And he doesn't say, but I prayed to get you out of it. He says,
I prayed for your faith. And he says, when you are converted,
then strengthen your brethren. Because all of our troubles,
in all of our troubles, faith is built up. Faith is tried,
and faith honors God in trusting him with a patient waiting on
him to do what is best according to his grace to us in the Lord
Jesus Christ. Now, this is so important that
we depend on God according to his grace to sinners in the Lord
Jesus Christ. What else can we do? We're sinners. We have no claims. We have no
merit, no worth, no works, nothing we can do to earn anything from
God.
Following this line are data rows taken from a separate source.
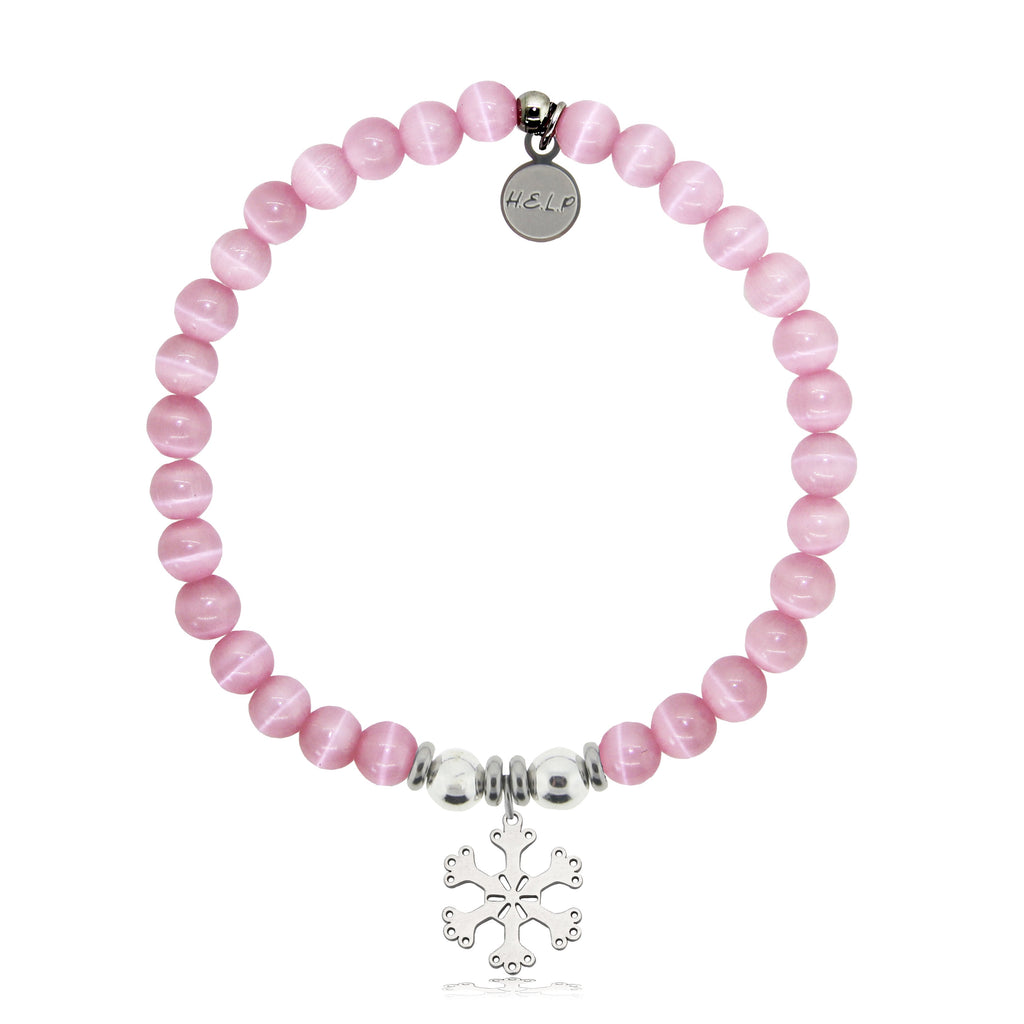 HELP by TJ Snowflake Charm with Pink Cats Eye Charity Bracelet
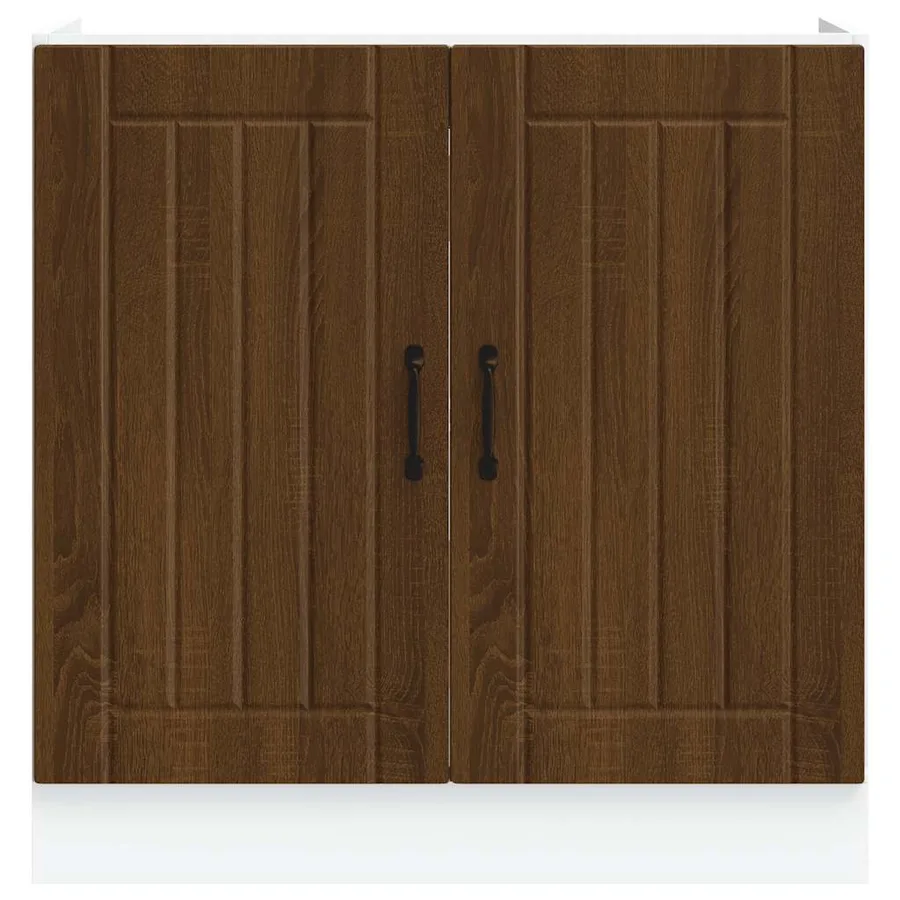 Meuble de base de lavabo Lucca chêne marron bois d'ingénierie - 4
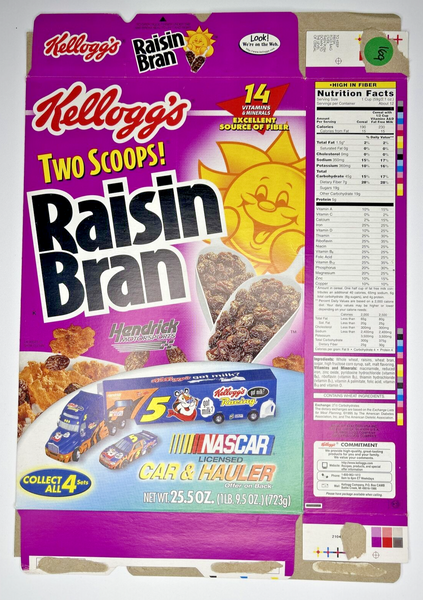 2004 Empty Kellogg's Raisin Bran Nascar 25.5OZ Cereal Box SKU U198/169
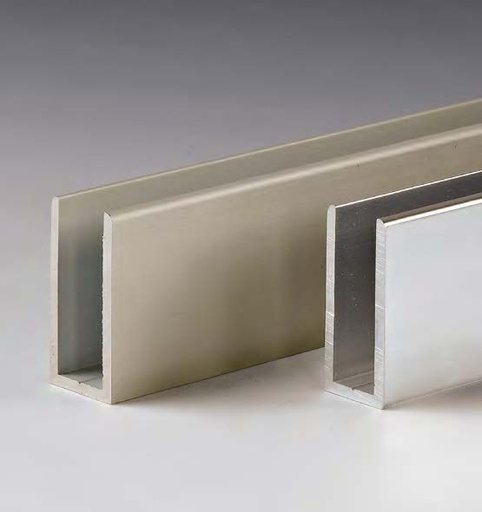 [PROFALL0820/97] Profil en « U » PROFALL, B11.5 H20 L3000  Aluminium mat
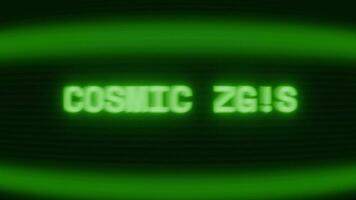 gammal grön crt skärm som visar text kosmisk Vinka visas i slumpmässig tekniskt fel och kodning stil video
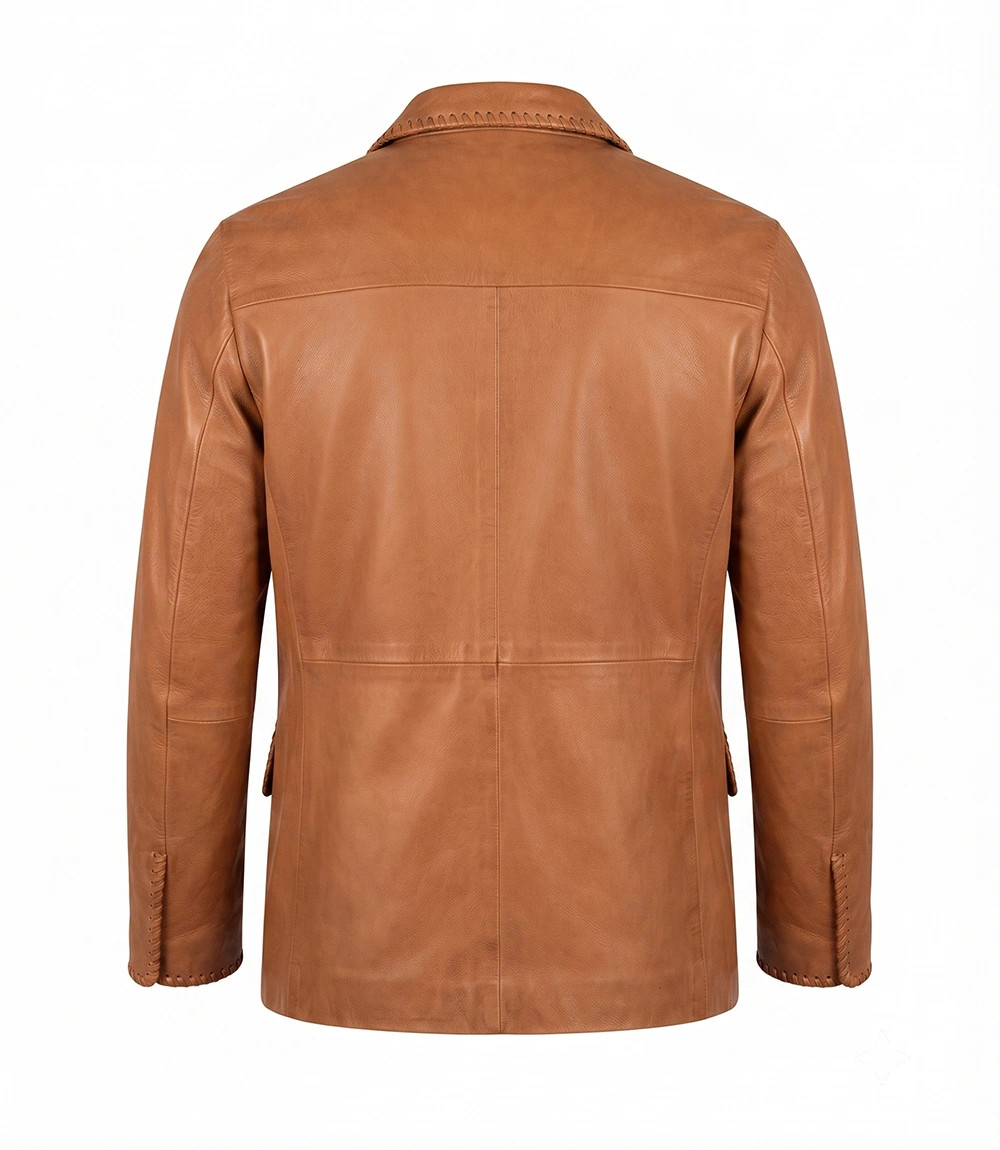 Mens Adam Tan Genuine Leather Blazer Jacket - Image 2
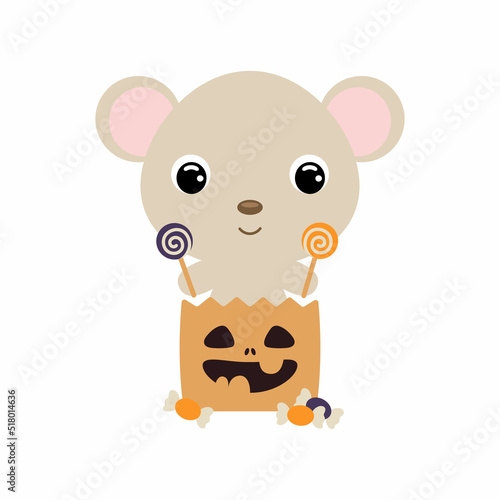 Cute Halloween mouse sitting in a trick or treat bag with candies. Cartoon animal character for kids t-shirts  nursery decoration  baby shower  greeting card  invitation. Vector stock illustration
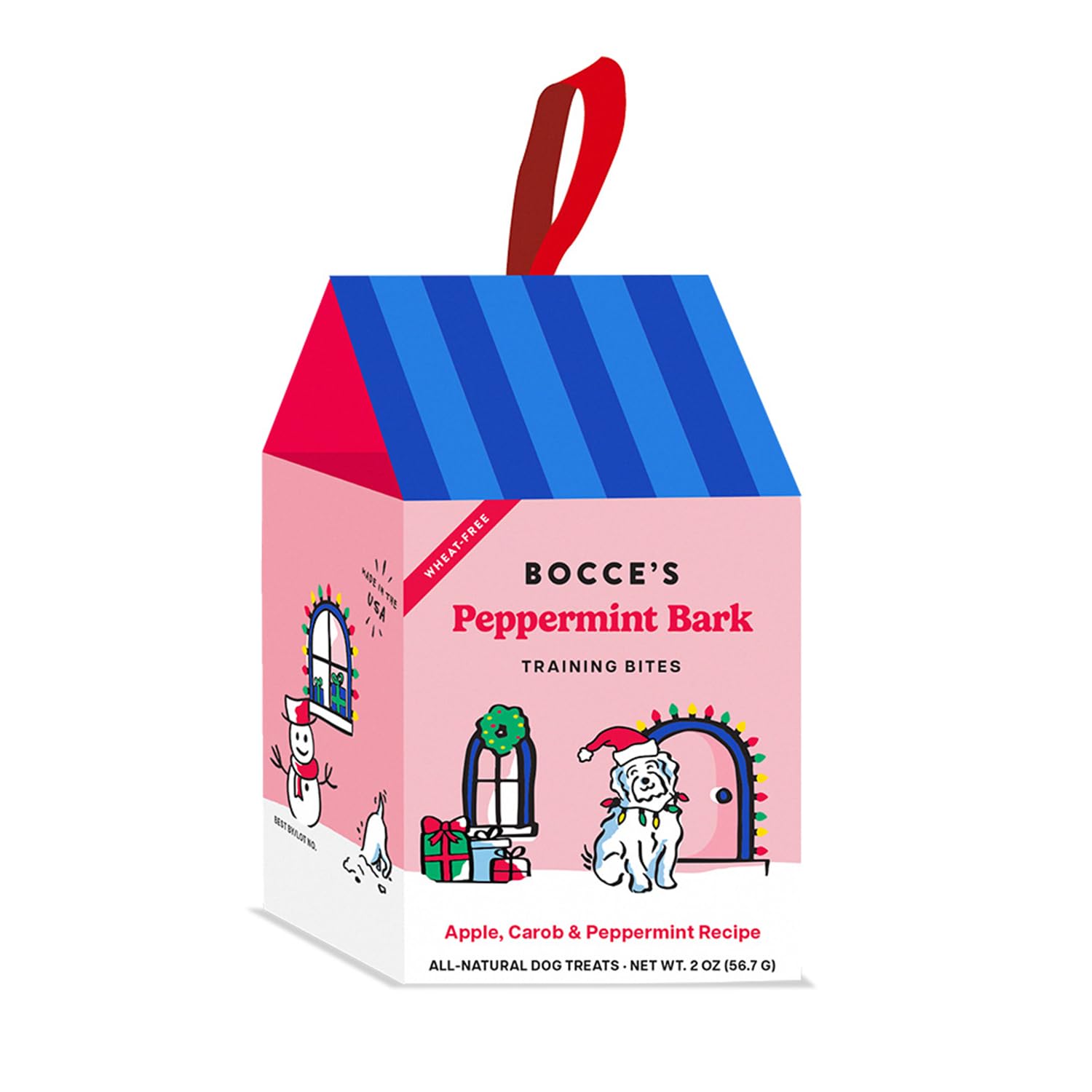 Bocce's Bakery All-Natural, Seasonal, Peppermint Bark Training Bites for Dogs, Wheat-Free, Limited Ingredient Training Treats in Ornament Box, Inspired by Christmas, 2 oz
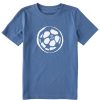 Kids Life is Good Graphic Tees | Kids Soccer Ball Sketch Crusher Tee Vintage Blue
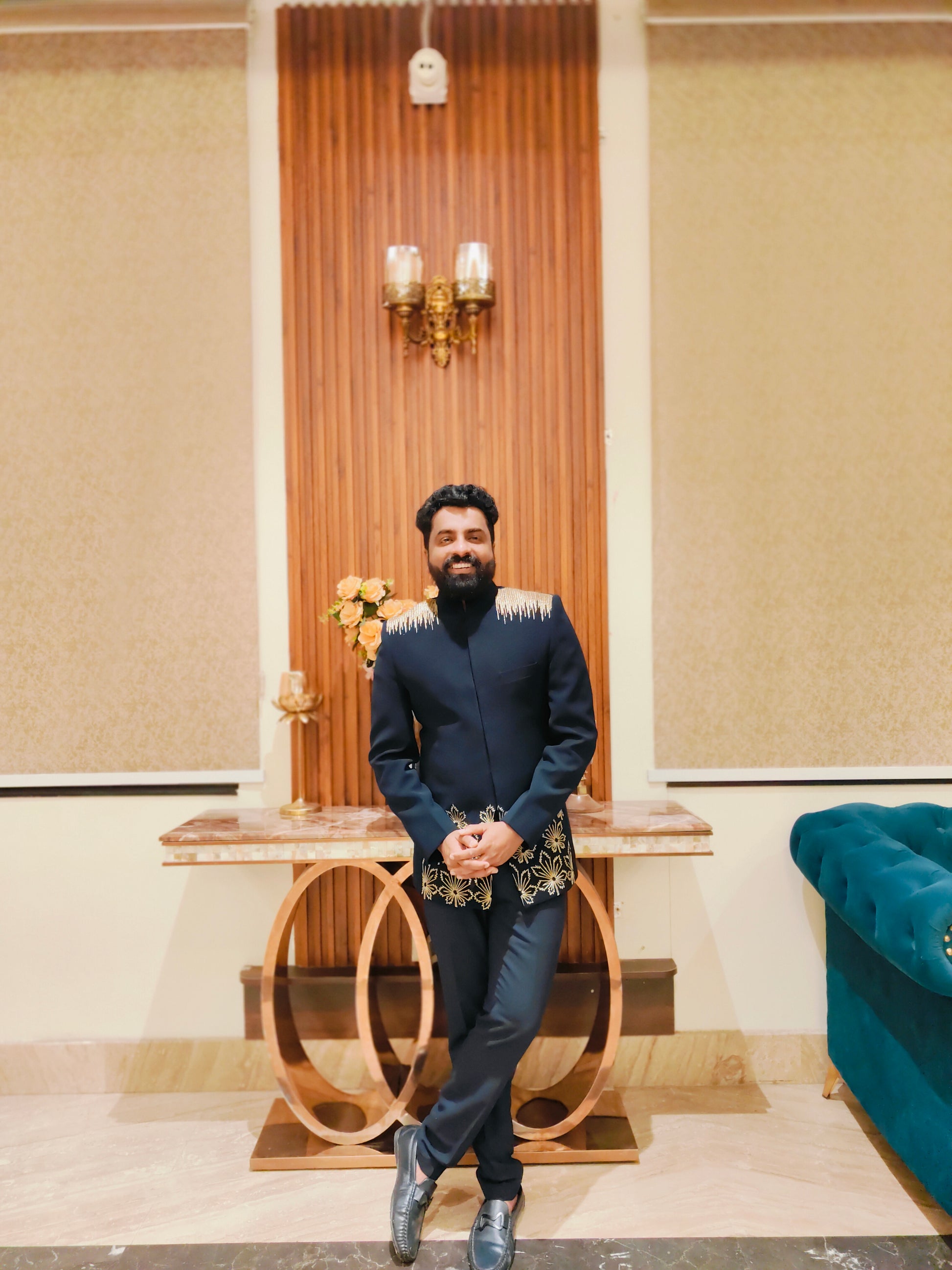 Regal Navy Embroidered Bandhgala Suit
All that we've done has only
earned his His justice, His just wrath, and now we are before
Him, helpless and utterly dependent upon His grace to save us to
the uttermost by Jesus Christ, His Son, through His blood and
risen life and intercession. So since that is the case, then
our trials are designed by God to keep us leaning on Christ
according to this grace of God towards us in him. And that depending
upon him for all grace and life and everything is the way that
God glorifies himself in the lives of his people. It's the
way God gets glory. It's the way that he teaches
us more and more to trust in the Lord Jesus Christ. There's
no better place There's no better place for a believer than to
have nothing and be utterly dependent on the Lord Jesus Christ. And
this is what we find ourselves when we read Romans 8, for example. He says, what can separate us
from the love of God which is in Christ Jesus? Nothing. Can
tribulation? No. Nakedness? No. Famine? No. Peril? Danger? No. How about
hunger? No. Thirst? No. Life? No. Death? No. Nothing past? No. How about present things?
No. Future? No. He answers every
objection, everything that could possibly separate us from the
love of God. He answers with an emphatic no. Nothing. If God has given his
son for us, then he's going to give us all things with him.
And so we are dependent upon him. And when we are feeling
the most doubtful of our deserving, then we realize by God's grace
and his teaching, that's the place we have always been. But
we're just beginning to realize it. And now we need to depend
on him to give us this salvation and life for Christ's sake alone,
to uphold us through life itself, past, present, future, life and
death, everything. So we experience trouble, and
those troubles are designed by God to strengthen our faith.
He doesn't take us out of them. He brings us through them by
His grace. He teaches us over and over again to look to Christ
only. We have nowhere else to look
and there's no one else that can save us. No other name under
heaven given among men. All right. So we talk about this
need on our part to bring in our songs, in our prayers, in
our thoughts, always this attitude of realizing our Lord and our
God, the only true and living God is great beyond words, beyond
comparison. There's nothing we can compare
God to. If you think about His power,
there's no power that you can even use to measure God's power. You can't. How about His immensity? You can't even use space itself
to describe the immensity of God. Solomon says, the heavens
and the heaven of heavens cannot contain Thee. It's beyond measure. God is beyond measure in His
wisdom. His knowledge, it says in the
Psalms, is infinite. And His love is everlasting.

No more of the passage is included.